## [Problem details]
Each line from the one with "590 North Madison" through the end of the records below should be transcribed exactly, and each picture should be skipped.

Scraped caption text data
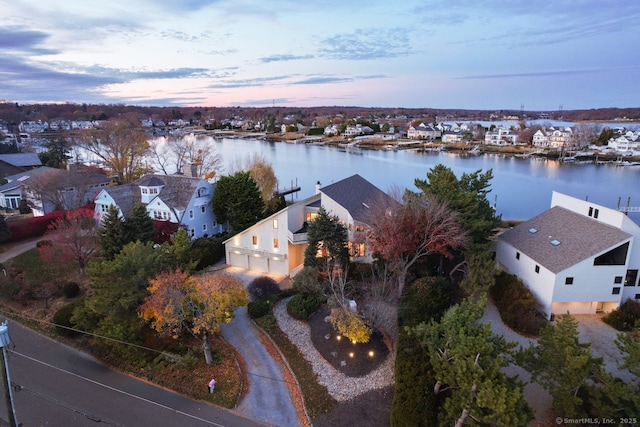 aerial view at dusk with a water view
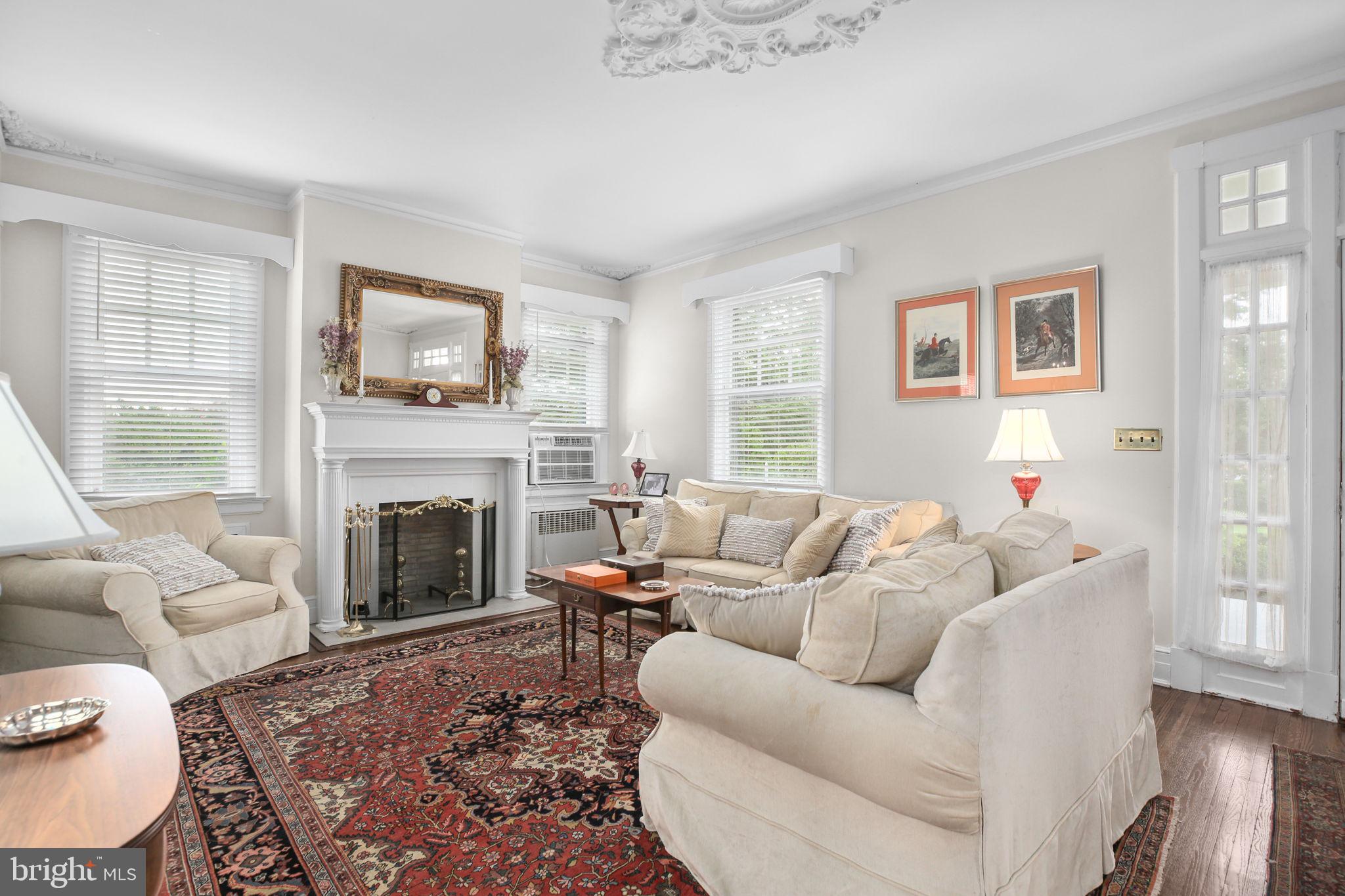 590 North Madison Road Orange, VA 22960 - Photo 16 of 88 a living room with furniture a flat screen tv and a fireplace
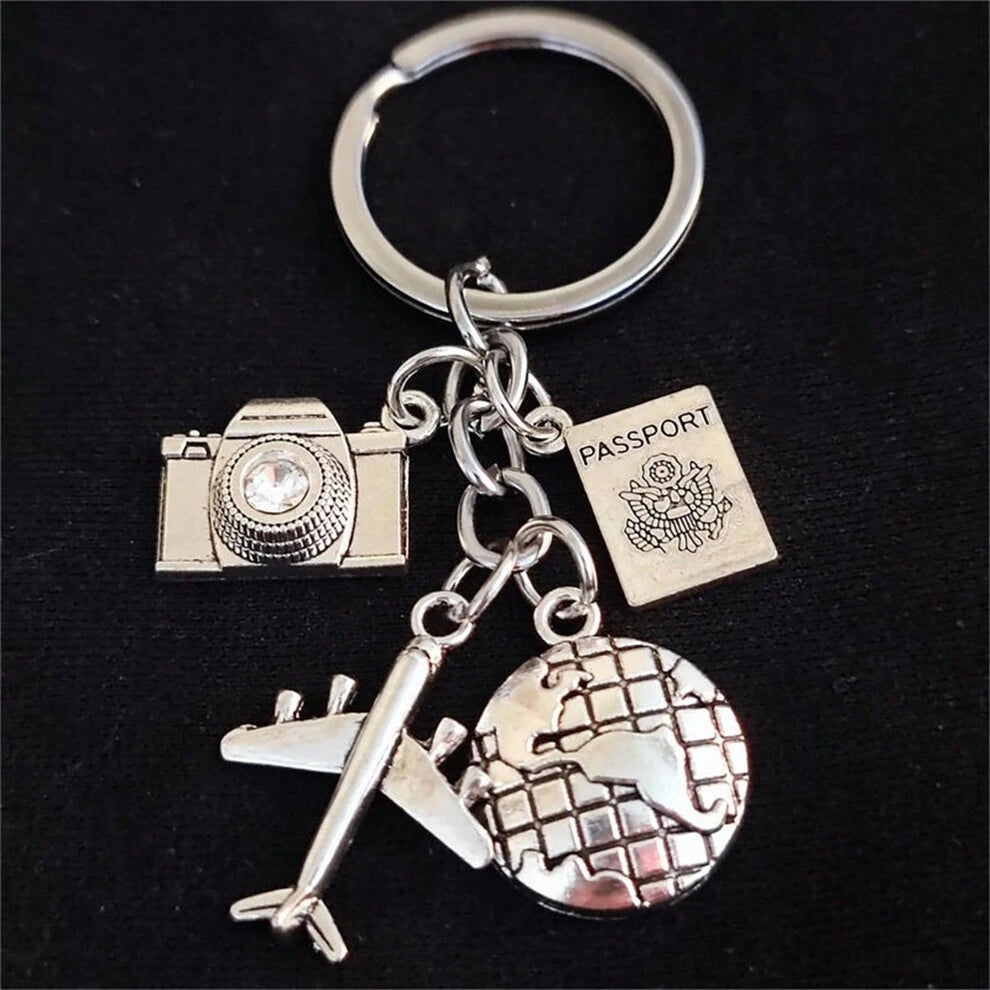 1pc, Cute Travel-Themed Silver Metal Keychain With Airplane, Globe, Camera And Books, Suitable For Bags, Cars And Keys Decoration, Gift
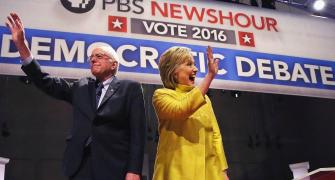 Race to White House: Clinton, Sanders spar over Obama, immigration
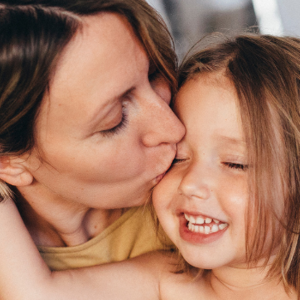 Mother kissing her daughter Mother kissing her daughter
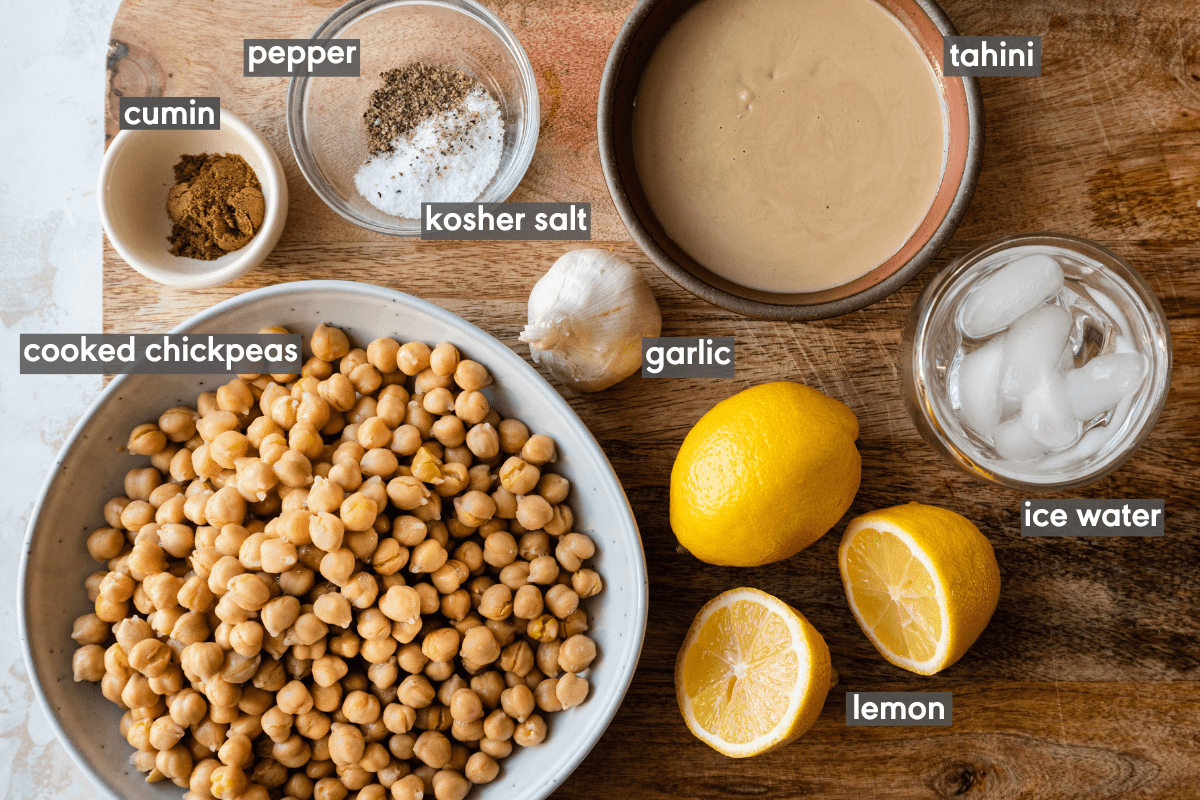 Labeled hummus ingredients laid out on a wooden cutting board.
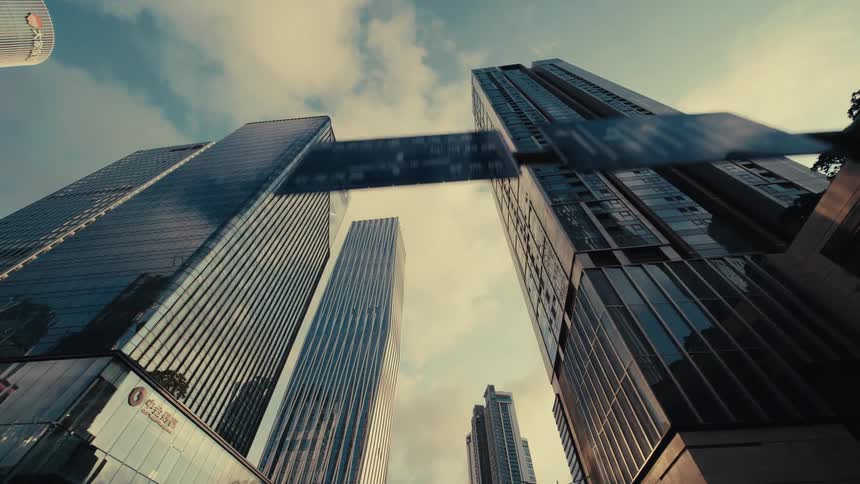 A smooth, low-angle journey through a modern metropolis reveals towering glass skyscrapers reaching for the sky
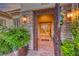Grand front entryway featuring a decorative wrought iron door and stone accents at 2872 Sumter Valley Cir, Henderson, NV 89052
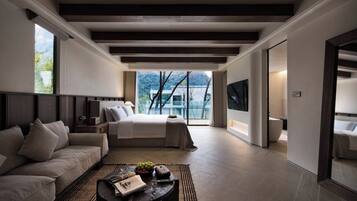 A modern hotel room with a large bed, a sofa, a coffee table with a magazine, and a view of the outdoors.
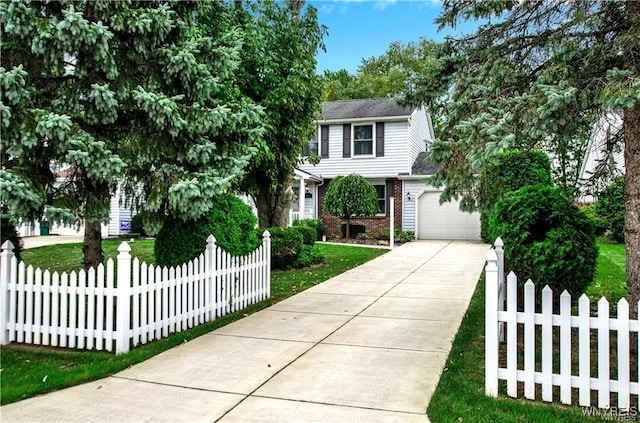 view of front of house with driveway, a fenced front yard, a garage, and brick siding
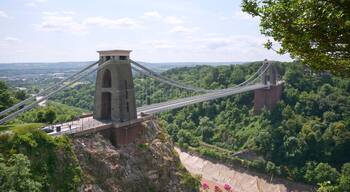A suspension bridge with a tower, surrounded by lush greenery and a river below.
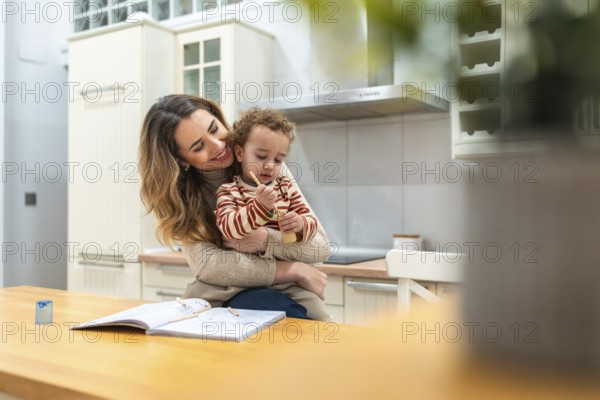 Caring mother smiling and embracing her young child while sitting at a kitchen table, bonding over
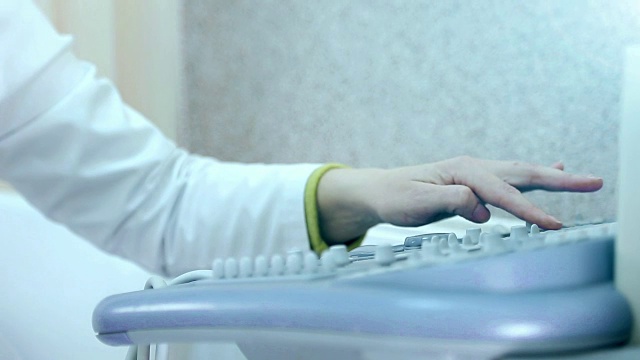 键盘超声设备。近处，医生的手按下按钮，扫描男病人视频下载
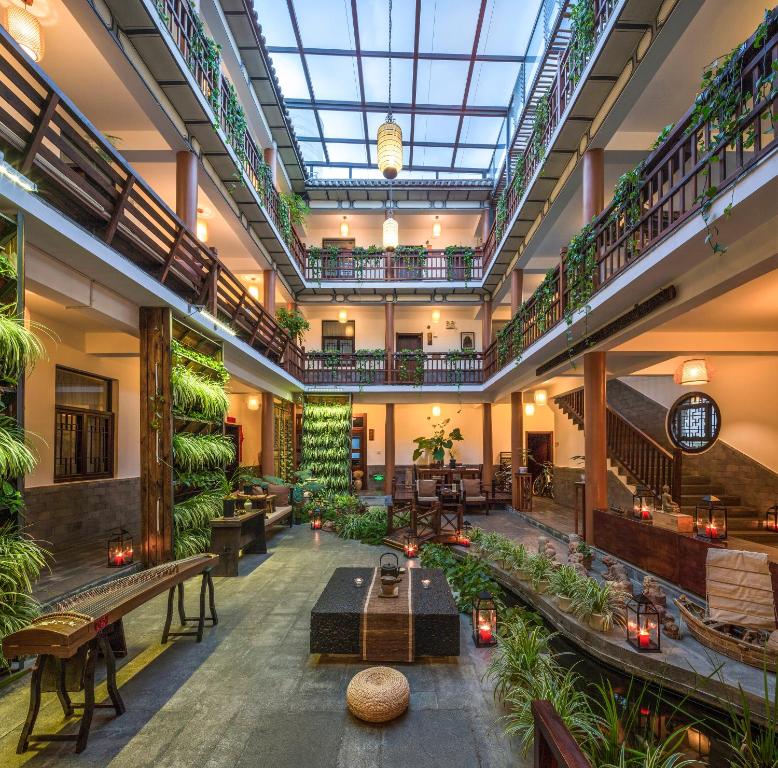 an indoor lobby with plants and tables and benches at Dali Yanyuan Mountain Retreat in Dali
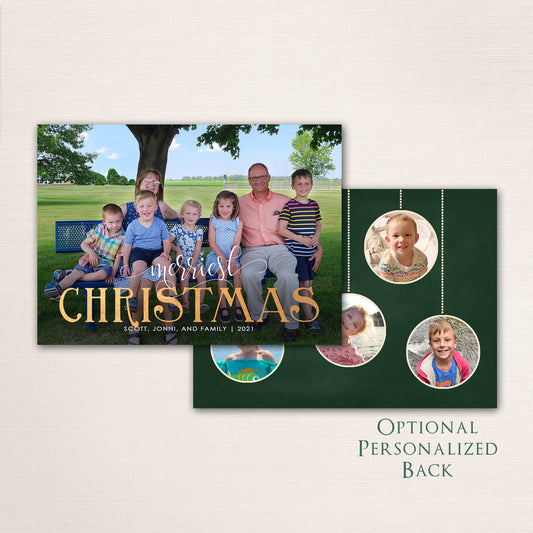 Family sitting outdoors on a bench with “Merriest Christmas” in gold and personalized photo ornaments on the back.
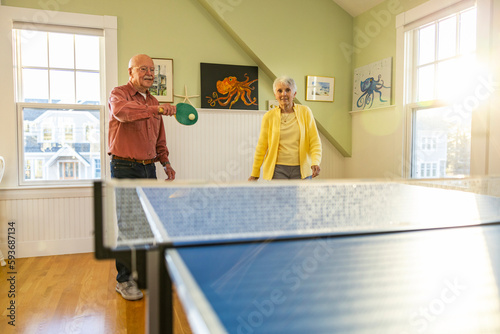 Retired Senior Citizen lifestyle couple playing ping pong game  home  photo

## [Output below]
 590 North Madison Road Orange, VA 22960 - Photo 16 of 88 a living room with furniture a flat screen tv and a fireplace
 1pc, Cute Travel-Themed Silver Metal Keychain With Airplane, Globe, Camera And Books, Suitable For Bags, Cars And Keys Decoration, Gift
 Race to White House: Clinton, Sanders spar over Obama, immigration
 Mother kissing her daughter Mother kissing her daughter
 Labeled hummus ingredients laid out on a wooden cutting board.
 A smooth, low-angle journey through a modern metropolis reveals towering glass skyscrapers reaching for the sky
Grand front entryway featuring a decorative wrought iron door and stone accents at 2872 Sumter Valley Cir, Henderson, NV 89052
 A modern hotel room with a large bed, a sofa, a coffee table with a magazine, and a view of the outdoors.
 view of front of house with driveway, a fenced front yard, a garage, and brick siding
A suspension bridge with a tower, surrounded by lush greenery and a river below.
 Caring mother smiling and embracing her young child while sitting at a kitchen table, bonding over
 键盘超声设备。近处，医生的手按下按钮，扫描男病人视频下载
 an indoor lobby with plants and tables and benches at Dali Yanyuan Mountain Retreat in Dali
 Family sitting outdoors on a bench with “Merriest Christmas” in gold and personalized photo ornaments on the back.
 Retired Senior Citizen lifestyle couple playing ping pong game  home  photo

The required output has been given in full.